Them Bones

Imbolc                                        Black Mountain Moon

These bones, these bones, these weary bones. Took Ruth (granddaughter Ruth) to the Colorado Museum of Geology today. We drove in to Denver and picked up after Sunday School, in the Jewish instance this is school on Sunday. She’s on the long road to the Bat Mitzvah, learning Hebrew, Torah, tradition. Over the last few weeks she’s been learning the 4 questions for the Pesach meal, the first of which is the famous, Why is this night different from all other nights? She recited it in Hebrew.

When Kate told Ruth she’d studied Hebrew long ago, Ruth replied, “Well, if you learn the alphabet and the vowel marks that’s all you really need.” And, of course, in a sense she’s right.

We ate lunch in downtown Golden at the Blue Canyon Grill, then went to the museum. We were late getting in because (only at an academic institution situation) a sign there said, “Between March 7th and March 15th we might be open. Call to confirm.” Several people gathered with us in the lobby and one efficient looking mom whipped out her cell phone and called. “Answering machine,” she said.

Just when we’d decided on the Science Museum a slightly padded guy in a black t-shirt, ear plugs and a stubbly beard wandered up. Yes, he said, I’m here to open up.

The museum has display case after display case of beautiful rocks and minerals from all over the world (and out of this world, too, since it has the largest moon rock brought back with one exception, plus several meteorites), but with an emphasis of course on Colorado minerals, notably gold and silver, but copper, molybdenum, pyrite, too.

There was, too, a significant collection of fossils and petrified plants. Dinosaur bones, too. When I asked the guy who opened the museum to explain petrification, he did so, and afterward added, “The same process works with organic matter like bones, too. In the instance of dinosaur bones found in Colorado a major element that precipitated out of the water solution and into the bone was uranium. Colorado’s dinosaur bones are hot. Really hot.”

The Colorado School of Mines is an interesting place, full of people who know a lot about rocks and geological history. Much more to learn from there.

To get back to these weary bones. Didn’t seem like much of a day activity-wise, but when we left the museum grandpop felt completely tuckered out.

From the Slumber of the Everyday

Imbolc                                             Black Mountain Moon

From the dog to the human. Seeing the dogs yesterday, 100% clicked in to their genetic heritage and feeling great about it, made me wonder what circumstances create the same integration of body, mind and spirit in humans? Two ideas occur to me right away: sex and flow, yet those don’t seem quite right. Sex is instinctive and common among mammals, for the purpose of reproduction. Lions and tigers and bears and humans, dogs, too, all engage in sex, so it’s not distinctive, it’s instinctive. Flow is closer, but in its case it’s too distinctive, too idiosyncratic, too much a marker of an individual’s uniqueness and only rarely achieved.

Perhaps the trigger is hunting.
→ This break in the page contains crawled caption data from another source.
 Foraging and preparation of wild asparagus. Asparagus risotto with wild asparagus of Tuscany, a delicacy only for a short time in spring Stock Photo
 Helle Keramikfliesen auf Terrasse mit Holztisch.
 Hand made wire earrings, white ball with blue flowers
After all, we share with lions, tigers, bears and dogs a predatory nature. We are not rabbits, squirrels, mice, voles. In this case I wouldn’t know since I’ve never hunted. But I can imagine. A true hunt, one where finding food is a necessity, would concentrate the mind, require attention to even the smallest physical movement, both on the part of hunter and hunted.
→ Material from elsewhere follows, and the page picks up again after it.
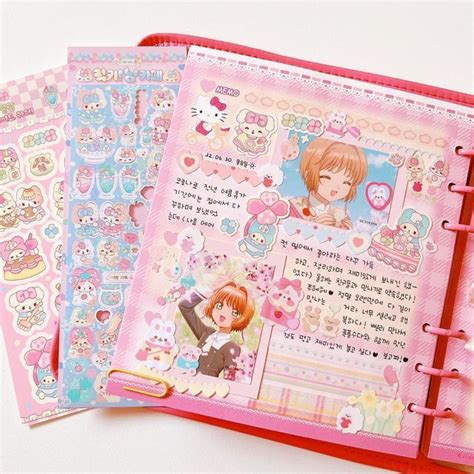 Three Notebooks With Cartoon Characters On Them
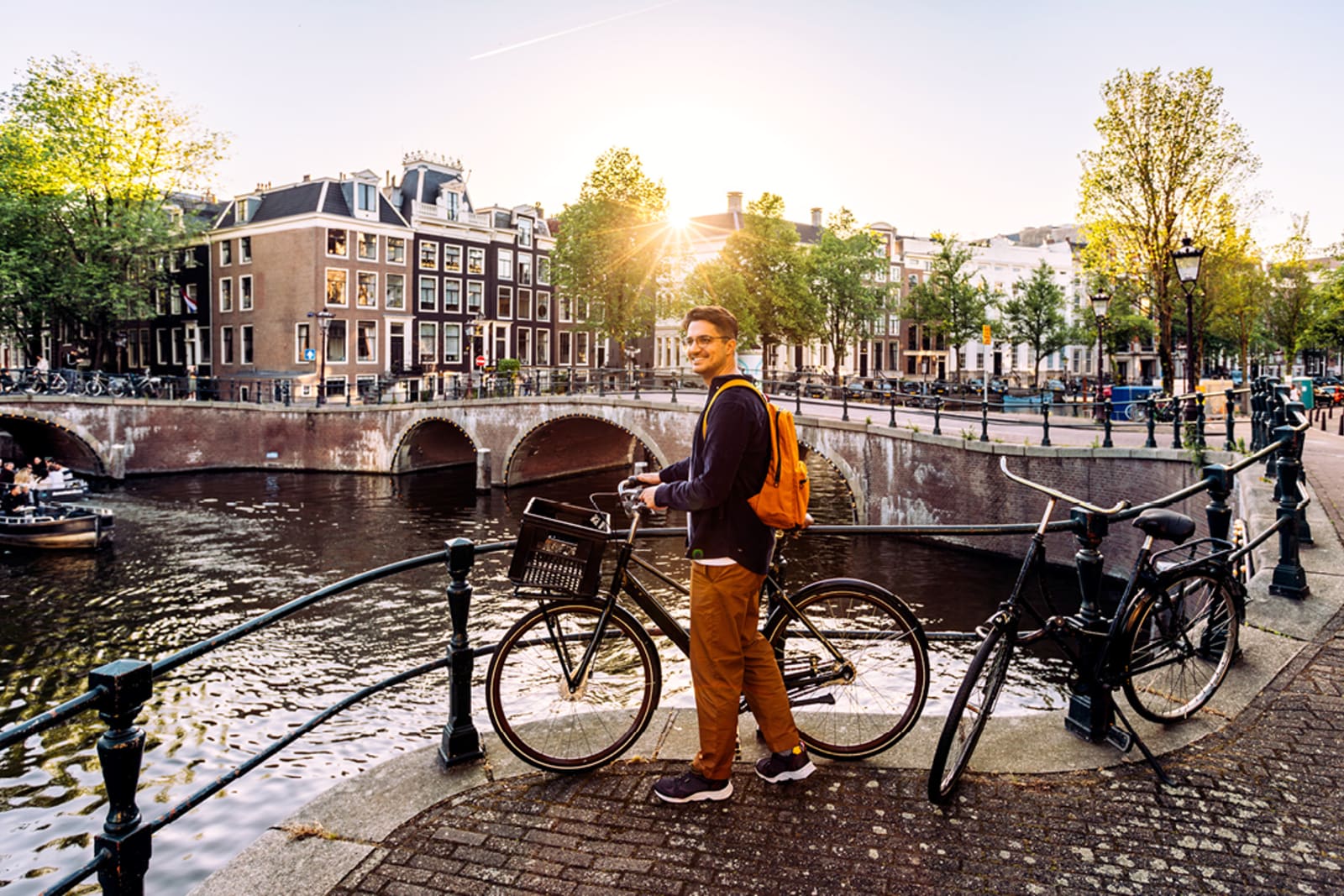 Young man with a bicycle on the canals of Amsterdam, Netherlands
Or, perhaps, defending loved ones. This could explain the attraction of the warrior ethos. Though these are both traditionally male roles. What would be the female equivalent? Or, is there one trigger that unites men and women? Women hunt and fight, too.

Of course, there can be more than one trigger, I’m sure. Or, maybe we’ve evolved ourselves past a distinct trigger, become too socialized, too far distant from our veldt past. Still, watching Rigel yesterday afternoon come up to her purpose from the slumber of the everyday, I wonder.

Oh, Yeah. Fox!

Imbolc                              Black Mountain Moon

We have fox here and some use Black Mountain Drive as a route from here to there. Late this afternoon Rigel was at the window, looking out toward the road when a fox ran by. Rigel, who is feral herself, gave a prey bark and the others responded. Soon the house filled with barking and yipping, running for the front door, the back door, anyway to get at the fox.

Rigel and Vega have coyote hound and wolf hound blood. This animal was in the prey category. Smack in it. And they felt the need. You could see it activating their attention, their ruffs, their dogness. This was the moment they were made for.

Much as I would have liked to let them run the fox down, or give it a try, the danger to them would have been too great. (cars, angry neighbors, getting lost) So they had to forgo the hunt.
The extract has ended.